Somehow along the way, my teaching portfolio at The Institute has acquired a bunch of maths & stats classes. You can't call a first year class Remedial Maths - it really wouldn't look good on the prospectus. But heck'n'jiminy, many of the students require it. Every year I have a pre-quiz which inter alia asks for their grade in Leaving Certificate maths. The median (most common grade) is a D at Pass level. This is the bare minimum and an absolute requirement for entering 3rd Level Education. The optics being important we call this one hour a week practice in mathemactice Quantitative Methods or QM. A tuthree years ago, the Sporty side of my department renamed the euphemism QM as a more aspirational Research Methods aka ResMet; neither curriculum nor content changed underneath the rubric.
Whatever foundation we lay in Yr1 ResMet, someone else has to construct the edifice of ResMet2 in second year. I don't know if it's a mix&match policy (to spare any one group of students from really disaffected teaching?) but I've never landed the same people as they progress to Yr2. That's why I have to learn 100+ new names and faces every year. ANNyway, I've just finished marking the Exam for my ResMet2 class, which finishes at Xmas. Everyone passed (+40%) Yay! and the range was 46-88% [alphanonymised results R]
Early in the year, I was in a 1to1 with a student and asked him to guesstimate the size of something (area of Ireland, population of Poland, number of cornflake packets in a shipping container, I forget). I could see the shutters come down as he said:
"I'm sorry I haven't a clue"
"Yes you have William" I cried, "is it 10?"
"Nope"
"Is it 1,000,000?"
"Nope"
"There! You do have a clue: it's somewhere between ten and a million"
I think I might have been getting a little shouty towards the end, because my triumphant final shout raised a muffled titter in William's corner of the room. Relief, probably, that they were not being subject to a Socratic grilling. The same initial response came out a fortnight later, but William attended every class and knuckled down to learning what was required. He got 86% in the Final Exam.

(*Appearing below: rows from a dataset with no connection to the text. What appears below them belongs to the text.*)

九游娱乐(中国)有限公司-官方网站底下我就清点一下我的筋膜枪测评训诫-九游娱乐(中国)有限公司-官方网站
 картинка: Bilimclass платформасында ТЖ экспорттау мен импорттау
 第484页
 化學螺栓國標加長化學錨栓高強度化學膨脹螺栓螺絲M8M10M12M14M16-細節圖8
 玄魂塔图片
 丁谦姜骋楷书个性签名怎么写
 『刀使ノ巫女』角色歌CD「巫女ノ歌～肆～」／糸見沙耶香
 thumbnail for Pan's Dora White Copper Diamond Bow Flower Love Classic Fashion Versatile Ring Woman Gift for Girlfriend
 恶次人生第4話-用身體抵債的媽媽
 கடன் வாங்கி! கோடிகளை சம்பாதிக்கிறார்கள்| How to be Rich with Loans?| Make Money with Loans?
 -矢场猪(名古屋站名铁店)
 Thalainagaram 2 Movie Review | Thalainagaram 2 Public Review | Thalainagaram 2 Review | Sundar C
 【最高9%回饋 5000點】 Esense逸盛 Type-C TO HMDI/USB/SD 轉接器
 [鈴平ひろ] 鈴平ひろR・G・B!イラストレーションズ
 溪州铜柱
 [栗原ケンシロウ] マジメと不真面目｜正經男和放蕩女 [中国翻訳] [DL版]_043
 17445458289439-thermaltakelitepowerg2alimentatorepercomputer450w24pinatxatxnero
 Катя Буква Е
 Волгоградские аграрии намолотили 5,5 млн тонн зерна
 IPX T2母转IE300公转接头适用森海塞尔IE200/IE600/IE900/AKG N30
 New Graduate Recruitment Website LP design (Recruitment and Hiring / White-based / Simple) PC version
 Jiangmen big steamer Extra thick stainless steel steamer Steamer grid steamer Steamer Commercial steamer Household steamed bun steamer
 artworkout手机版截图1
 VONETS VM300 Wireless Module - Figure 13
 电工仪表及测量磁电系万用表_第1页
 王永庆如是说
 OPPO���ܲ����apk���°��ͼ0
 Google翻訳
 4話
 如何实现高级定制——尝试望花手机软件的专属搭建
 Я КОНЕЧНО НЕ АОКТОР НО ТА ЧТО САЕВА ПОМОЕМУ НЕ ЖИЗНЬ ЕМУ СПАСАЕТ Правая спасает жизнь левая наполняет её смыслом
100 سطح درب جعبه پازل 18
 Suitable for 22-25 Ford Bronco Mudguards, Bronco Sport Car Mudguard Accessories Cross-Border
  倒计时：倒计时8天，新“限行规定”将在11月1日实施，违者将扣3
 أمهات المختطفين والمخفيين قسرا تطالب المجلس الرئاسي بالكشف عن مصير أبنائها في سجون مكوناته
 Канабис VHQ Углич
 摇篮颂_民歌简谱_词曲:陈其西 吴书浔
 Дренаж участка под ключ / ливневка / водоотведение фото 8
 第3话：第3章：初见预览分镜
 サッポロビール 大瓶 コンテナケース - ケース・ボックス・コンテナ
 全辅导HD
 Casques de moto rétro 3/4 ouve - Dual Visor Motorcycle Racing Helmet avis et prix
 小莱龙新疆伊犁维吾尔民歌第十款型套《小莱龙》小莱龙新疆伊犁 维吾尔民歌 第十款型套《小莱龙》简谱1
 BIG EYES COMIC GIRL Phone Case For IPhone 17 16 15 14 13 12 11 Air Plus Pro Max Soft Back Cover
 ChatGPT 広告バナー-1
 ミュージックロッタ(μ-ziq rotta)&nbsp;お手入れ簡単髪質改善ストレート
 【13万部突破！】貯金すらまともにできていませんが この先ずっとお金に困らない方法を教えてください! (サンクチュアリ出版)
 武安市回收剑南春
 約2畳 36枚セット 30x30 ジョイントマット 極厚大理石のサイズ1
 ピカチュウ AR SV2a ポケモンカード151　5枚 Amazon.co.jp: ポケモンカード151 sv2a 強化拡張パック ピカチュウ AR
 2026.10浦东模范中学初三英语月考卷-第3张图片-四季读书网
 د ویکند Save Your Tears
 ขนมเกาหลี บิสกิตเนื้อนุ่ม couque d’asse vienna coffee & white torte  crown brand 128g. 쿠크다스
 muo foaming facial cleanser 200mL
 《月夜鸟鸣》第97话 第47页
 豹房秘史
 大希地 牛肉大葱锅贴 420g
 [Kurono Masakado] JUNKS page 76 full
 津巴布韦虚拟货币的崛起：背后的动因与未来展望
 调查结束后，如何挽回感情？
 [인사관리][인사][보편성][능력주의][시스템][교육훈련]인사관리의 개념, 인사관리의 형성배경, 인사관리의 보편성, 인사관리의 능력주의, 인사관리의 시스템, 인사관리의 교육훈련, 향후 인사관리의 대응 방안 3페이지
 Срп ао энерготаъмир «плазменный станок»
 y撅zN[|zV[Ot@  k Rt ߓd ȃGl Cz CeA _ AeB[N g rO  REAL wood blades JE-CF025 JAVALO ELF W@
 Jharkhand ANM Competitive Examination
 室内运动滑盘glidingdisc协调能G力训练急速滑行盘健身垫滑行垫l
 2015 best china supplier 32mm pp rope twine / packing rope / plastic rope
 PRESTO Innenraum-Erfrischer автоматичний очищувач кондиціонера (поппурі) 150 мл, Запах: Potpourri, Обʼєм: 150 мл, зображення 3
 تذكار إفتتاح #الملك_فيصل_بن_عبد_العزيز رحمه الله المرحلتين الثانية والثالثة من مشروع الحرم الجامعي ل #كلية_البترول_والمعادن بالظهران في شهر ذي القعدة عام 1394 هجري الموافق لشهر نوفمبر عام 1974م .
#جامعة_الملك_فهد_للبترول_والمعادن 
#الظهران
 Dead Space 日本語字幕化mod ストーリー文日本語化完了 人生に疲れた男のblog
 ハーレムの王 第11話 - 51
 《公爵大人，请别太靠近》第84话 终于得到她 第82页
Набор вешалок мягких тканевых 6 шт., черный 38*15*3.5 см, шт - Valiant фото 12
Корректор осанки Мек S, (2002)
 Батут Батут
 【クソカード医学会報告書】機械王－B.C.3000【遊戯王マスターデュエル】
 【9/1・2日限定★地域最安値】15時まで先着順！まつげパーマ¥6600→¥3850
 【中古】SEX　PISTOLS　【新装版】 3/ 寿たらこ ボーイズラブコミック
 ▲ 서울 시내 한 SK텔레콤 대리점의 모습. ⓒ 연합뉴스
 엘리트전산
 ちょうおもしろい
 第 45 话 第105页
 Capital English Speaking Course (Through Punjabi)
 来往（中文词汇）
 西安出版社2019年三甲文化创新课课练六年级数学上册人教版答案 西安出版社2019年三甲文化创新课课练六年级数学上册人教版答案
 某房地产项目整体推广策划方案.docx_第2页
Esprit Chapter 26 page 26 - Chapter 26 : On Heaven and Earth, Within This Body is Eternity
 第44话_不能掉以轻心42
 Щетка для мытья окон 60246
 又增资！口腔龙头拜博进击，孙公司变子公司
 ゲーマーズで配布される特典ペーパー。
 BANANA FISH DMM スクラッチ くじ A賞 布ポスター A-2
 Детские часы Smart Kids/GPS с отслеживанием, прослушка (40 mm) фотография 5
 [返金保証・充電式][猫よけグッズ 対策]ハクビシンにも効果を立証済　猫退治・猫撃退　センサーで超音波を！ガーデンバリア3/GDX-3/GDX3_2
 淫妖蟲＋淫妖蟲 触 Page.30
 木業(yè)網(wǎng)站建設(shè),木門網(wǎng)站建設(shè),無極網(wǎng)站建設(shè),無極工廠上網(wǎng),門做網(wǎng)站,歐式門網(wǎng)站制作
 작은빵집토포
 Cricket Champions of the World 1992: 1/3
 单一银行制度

Across the room on another week, I was expanding on the attributes and prevalence of the Normal, Gaussian, Bell-curve, Distribution to try to make the business of calculating the area under the curve more relevant . . . and therefore more accessible. After listening to as much of this as he could bear, with scrupulous politeness, the student, let's call him Rob because that's his name, put up his hand - "Bob, just tell me what we have to do here". With much chagrin, I apologised for being off with the fairies again and told him the steps for completing the task and pointed out the relevant paragraph (with added screen-shots) in the manual. For the rest of term, even when Rob was absent, I'd pause in my explanatory gallop if I saw the over-load shutters trembling "I'm sorry Rob, I'll stop now. You don't need to know all that, you just need to know how to do this task - both the mechanics and hopefully a suitable interpretation of the P-value that the mechanics generate." And, as everyone passed, to a certain extent, it was so.